Chers ami-es de Gargamel, de Donald Duck et de Spiderman,
Vive la journée nationale de la Grève des femmes !
Cette journée tombe vraiment très bien, parce que – vous ne le répéterez à personne – je déteste la bédé. Je crois qu’un psychanalyste verrait rapidement dans mes lectures d’enfance les fondements de cette aversion intempestive.

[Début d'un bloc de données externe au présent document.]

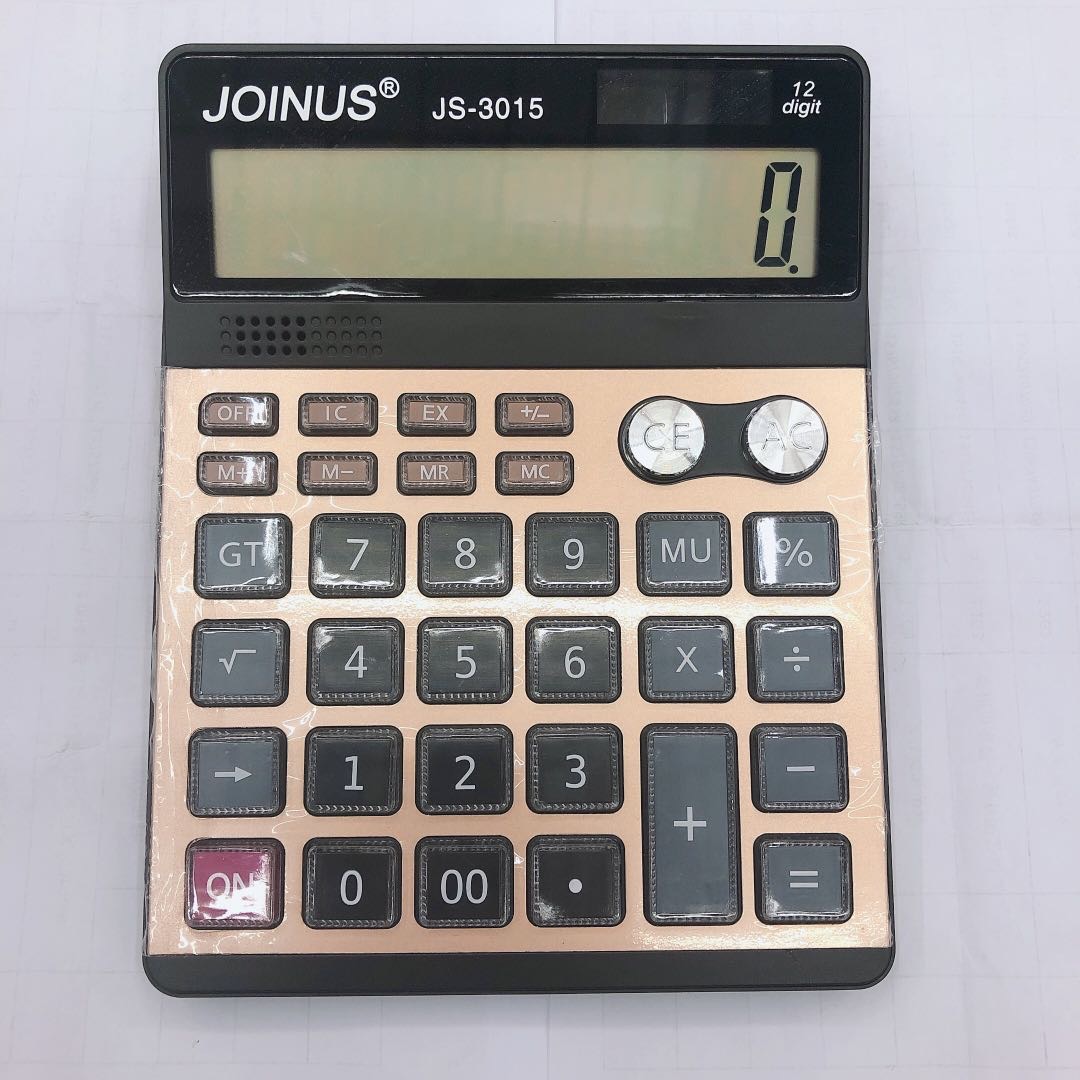 计算器带语音真人发音计算机会计专用多功能计算机器大按键大屏幕办公用品可爱大号计算器小号便携小型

La seule véritable héroïne des albums de Tintin remue ciel et terre parce qu’elle a oublié ses bijoux sous un coussin. Dans les Schtroumpfs, la qualité de l’unique personnage féminin est d’être blonde, merci ! Et ce n’est pas beaucoup mieux du côté d’Astérix, où, mis à part Falbala et Cléopâtre, toutes sont présentées comme de vieilles mégères qui se lancent des poissons.
Chers ami-es,
A cause de cette image poussiéreuse, c’est vrai, j’ai longtemps détesté la bédé. Mais, voyant que des auteurs et autrices de la région s’y sont mis et avec pas mal de réussite, j’ai décidé de changer de point de vue. Je fais donc un tour à la bibliothèque, me fais conseiller des incontournables. Le premier que j’ouvre, je le souligne, dans de très bonnes dispositions loin de tout jugement hâtif, c’est… Pascal Brutal, de Riad Sattouf ! Petit extrait de l’album Le Mâle dominant : « La virilité a un nouveau visage et vit dans notre futur : Pascal Brutal dans Un homme et 49 femmes » - fin de citation. La semaine suivante, je vais incognito dans un salon du livre et je m’approche avec curiosité de quelqu’un qui dédicace un livre à un stand d’une célèbre librairie. Extrait de la conversation : « Bonjour, ça a l’air chouette ? Ça raconte quoi ? » « Ah, moi, je n’en sais rien, ça ne m’intéresse pas vraiment, je fais juste les dessins », me répond l’illustrateur. Les a priori se renforcent. Et l’image que j’ai de l’auteur de bédé à ce moment-là, dont j’ose ici le portrait uniquement parce qu’il y a dans la salle quelques dessinateur-ices de presse, correspond à peu près à ceci : L’auteur de bédé est un vieux garçon qui fume seul dans son studio entouré de cartons de pizza et de berlingots de thé froid.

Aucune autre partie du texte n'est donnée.